Proteins were separated by SDS-PAGE as described by Laemmli (28). The resolving gel [10% (w/v) acrylamide, 0.025% (w/v) SDS, 0.375 M Tris-HCl, pH 8.8, polymerized with 0.05% (w/v) ammonium persulfate and 0.05% (v/v) N, N, N′, N′-tetramethyl ethylenediamine] was overlaid with the stacking gel [5% (w/v) acrylamide, 0.025% (w/v) SDS, 125 mM Tris, pH 6.8, polymerized as before]. Protein samples were prepared reduced by the addition of an equal volume of dithiothreitol [30 mg/ml in 0.2 M Tris-HCl, 2% (w/v) SDS, 8 M Urea, pH 8.2] (29). Electrophoresis was performed at 150 V in 192 mM glycine, 0.1% (w/v) SDS, 25 mM Tris, pH 8.2, using 7 × 9 cm minigel format (mini-Protean II apparatus, Bio-Rad). Proteins on gels were detected by silver staining (Bio-Rad) or by Western blot analysis.

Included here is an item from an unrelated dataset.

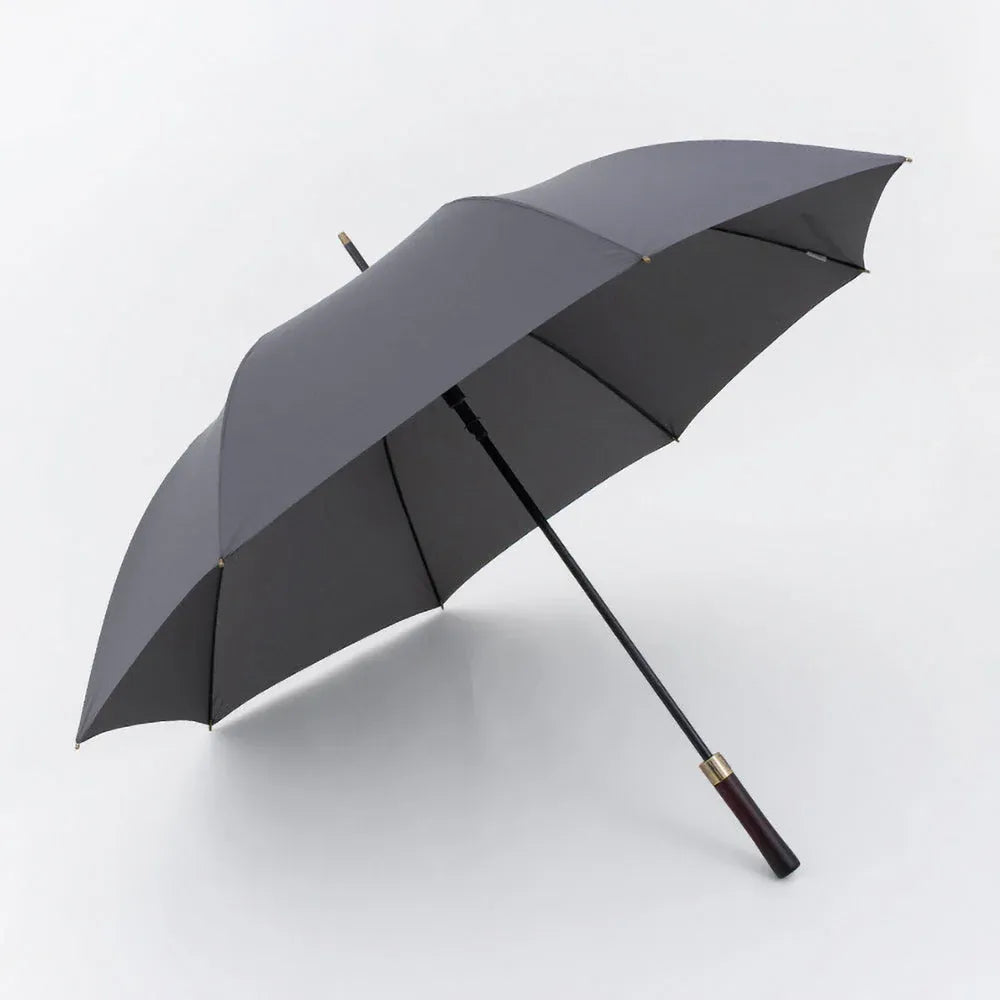 Profile view of the open large 52-inch premium rain umbrella in grey with a straight wood handle.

Western Blot Analysis (30)

Electrophoretic transfer of proteins from SDS-PAGE gels to Immobilon-P membranes (Millipore) was carried out using a Biometra Fast-Blot semi-dry horizontal blotter using transfer buffer 0.039 M glycine, 0.048 M Tris, 0.0375% (w/v) SDS. The transfer membrane was briefly soaked in methanol prior to transfer. A constant current of 0.8 mA/cm2 was applied for 1.5 hr. After transfer, the membrane was blocked by overnight incubation at 4°C with phosphate-buffered saline (PBS), 5 mM EDTA, 0.05% Tween-20, pH 7.3 (PBS-Tween). Antibodies at their appropriate concentration in PBS-Tween were applied and incubated with the blot for 2 hr at room temperature. After extensive washing with PBS-Tween, goat anti-rabbit IgG alkaline phosphatase (Sigma) was added and the blot developed with 5-bromo-4-chloro-3-indolyl phosphate-nitrobluetetrazolium (BCIP-NBT) tablets (Sigma).

Gel Filtration

BAL fluid samples were filtered (0.2 ttm) before being fractionated on a Superose 6 column (300 × 10 mm) equilibrated in PBS, 5 mM EDTA pH 7.3, (PBS-EDTA), using the fast protein liquid chromatography (FPLC) system (Pharmacia). The column was calibrated using a range of standards [blue dextran, thyroglobulin (bovine), apoferritin, β-amylase, alcohol dehydrogenase, bovine serum albumin (BSA) and carbonic anhydrase] and operated at a flow rate of 0.4 ml/min. The void volume of the column was 7.0 ml. Aliquots (250 µl) of BAL were loaded onto the column; 1-ml fractions were collected and 100 µl of each analyzed by ELISA.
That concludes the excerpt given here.